§ **Exercise objective**
Go to the line with "Labgo logo - Similar" in the entries below and write out every line from there through the line with "Read Bloody Moon", exactly and without pictures.

### Supplied material

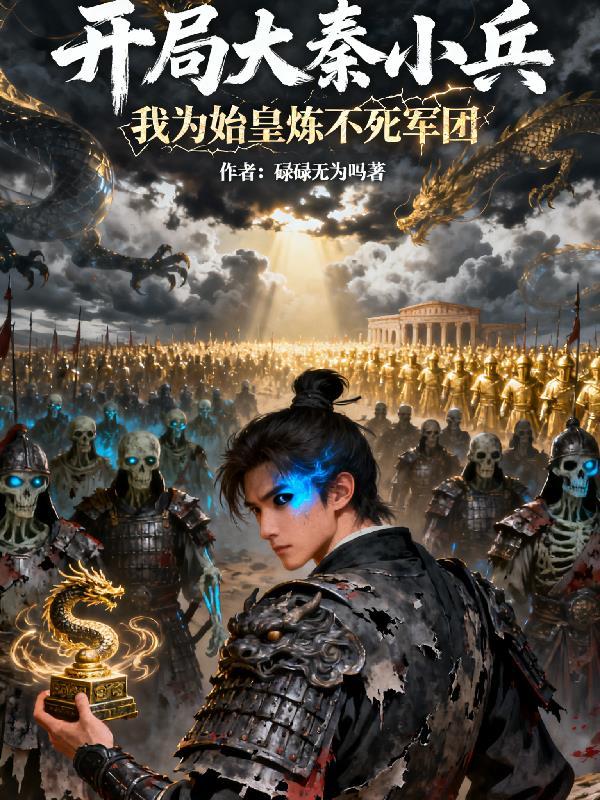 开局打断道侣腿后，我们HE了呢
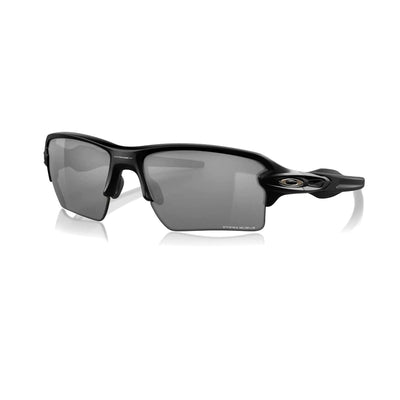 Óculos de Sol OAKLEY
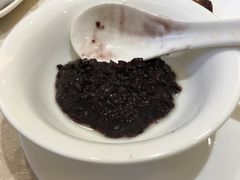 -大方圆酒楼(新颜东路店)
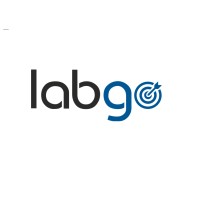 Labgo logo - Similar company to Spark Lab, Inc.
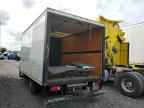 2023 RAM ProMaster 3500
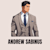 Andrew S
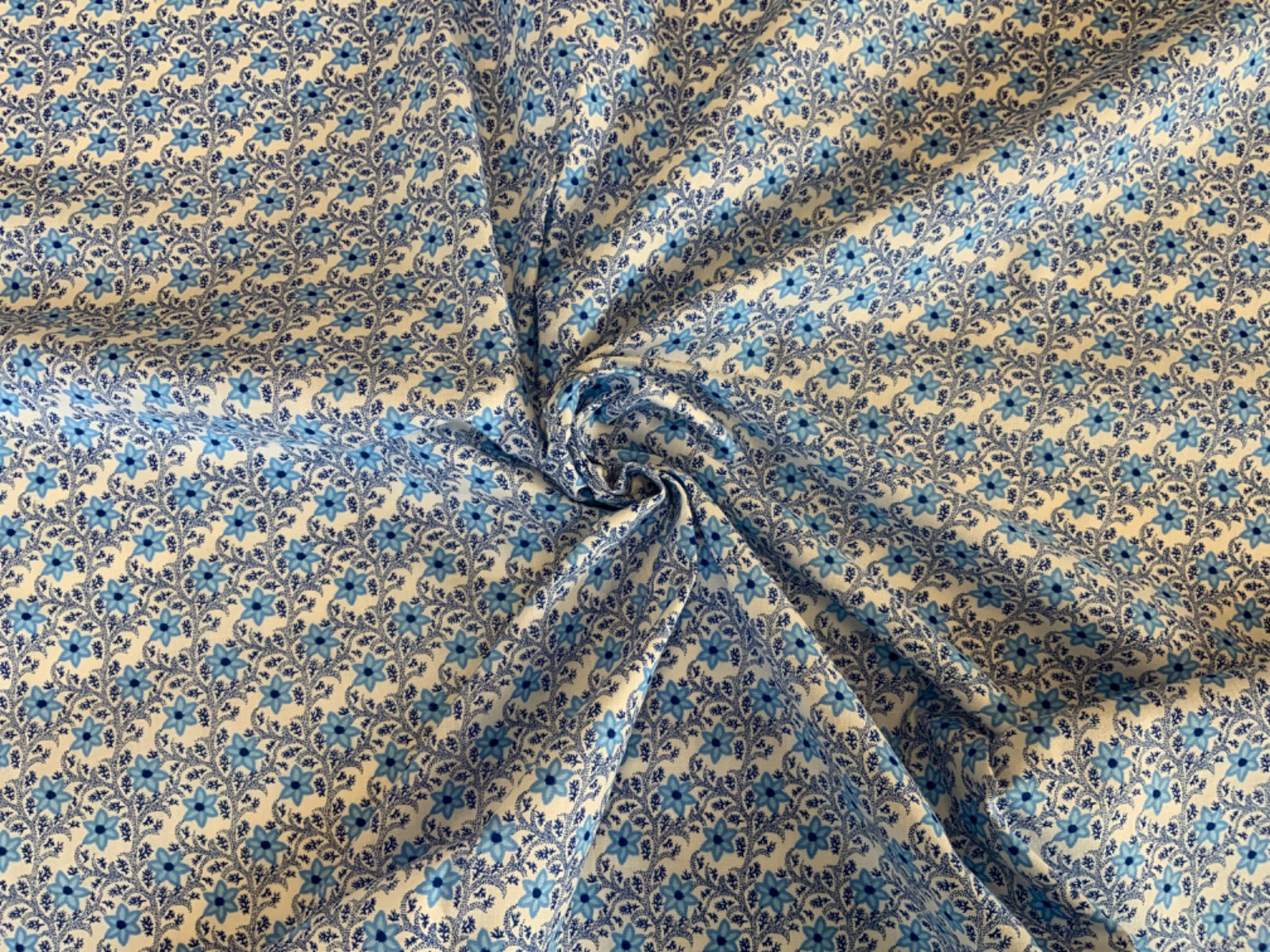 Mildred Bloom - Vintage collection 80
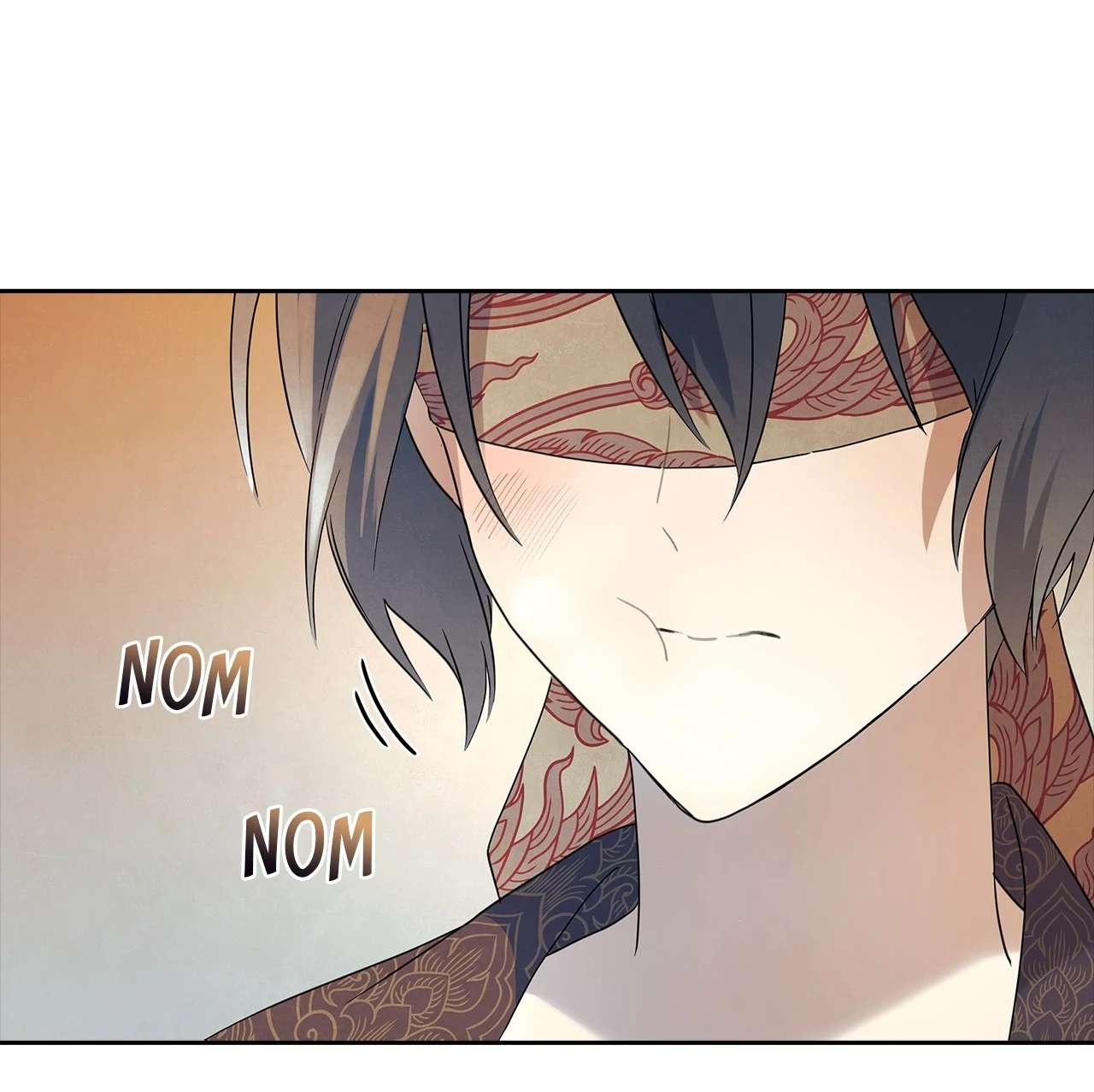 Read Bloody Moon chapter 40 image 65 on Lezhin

######
### Supplied material

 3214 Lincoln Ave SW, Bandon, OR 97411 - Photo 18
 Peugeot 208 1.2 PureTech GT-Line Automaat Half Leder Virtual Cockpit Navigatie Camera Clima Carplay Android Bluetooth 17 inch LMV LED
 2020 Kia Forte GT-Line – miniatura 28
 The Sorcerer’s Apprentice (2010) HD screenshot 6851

######

§ **Response area**
 Labgo logo - Similar company to Spark Lab, Inc.
 2023 RAM ProMaster 3500
 Andrew S
 Mildred Bloom - Vintage collection 80
 Read Bloody Moon chapter 40 image 65 on Lezhin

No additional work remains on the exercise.